Warm up for at least 5 to 10 minutes before ramping up intensity. This is especially important for activities like sprinting or heavy compound lifts where blood pressure changes are abrupt. A gradual increase in heart rate lets your blood vessels dilate at a pace that produces less skull pressure.

Pay attention to your breathing during lifts. Holding your breath through a heavy rep (the Valsalva maneuver) dramatically increases pressure in your chest and head.
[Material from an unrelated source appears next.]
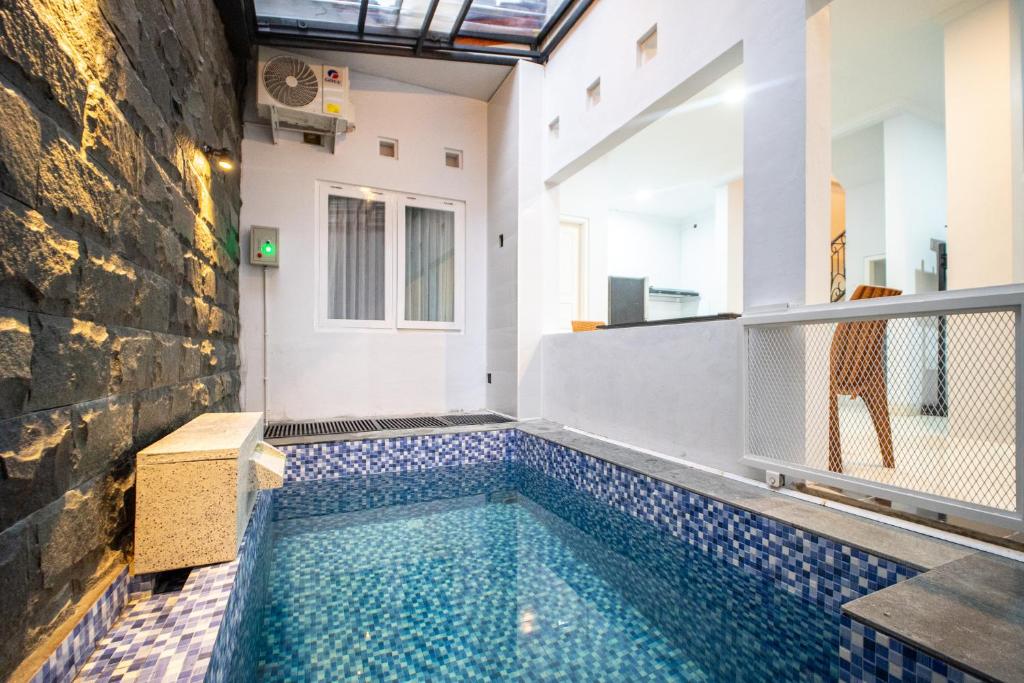 - une piscine dans une maison revêtue de carrelage dans l'établissement Villa Pesona Palagan, à Beran-kidul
For most recreational lifters, exhaling during the effort phase of each rep reduces this spike without sacrificing much performance. Also consider whether you’re clenching your jaw or tensing your neck and shoulders, both of which can contribute to tension-type headaches layered on top of the exertional component.

If heat or altitude is a factor, adjust your expectations. Train during cooler parts of the day, move indoors when conditions are extreme, and give yourself several days to acclimatize when exercising at elevation.

When a Workout Headache Needs Attention

Most exercise headaches are harmless, but a small number are caused by serious underlying problems, including bleeding around the brain, blood vessel abnormalities, tumors, or blockages in cerebrospinal fluid flow. These secondary exercise headaches can look similar to the benign kind at first, which is why certain features should prompt you to get checked out quickly.

Seek medical attention if your headache comes on suddenly and severely (sometimes described as a “thunderclap”), if it’s the first headache of this type you’ve ever had, or if it comes with vomiting, loss of consciousness, double vision, or neck stiffness. Secondary exercise headaches also tend to last longer, often persisting for several days rather than resolving within hours. A headache that lingers well beyond 48 hours after exercise warrants evaluation.

If you’re getting exercise headaches regularly, even mild ones, it’s worth mentioning to your doctor. Imaging can rule out structural causes, and once those are excluded, there are straightforward strategies to manage the primary type so it doesn’t keep you from training.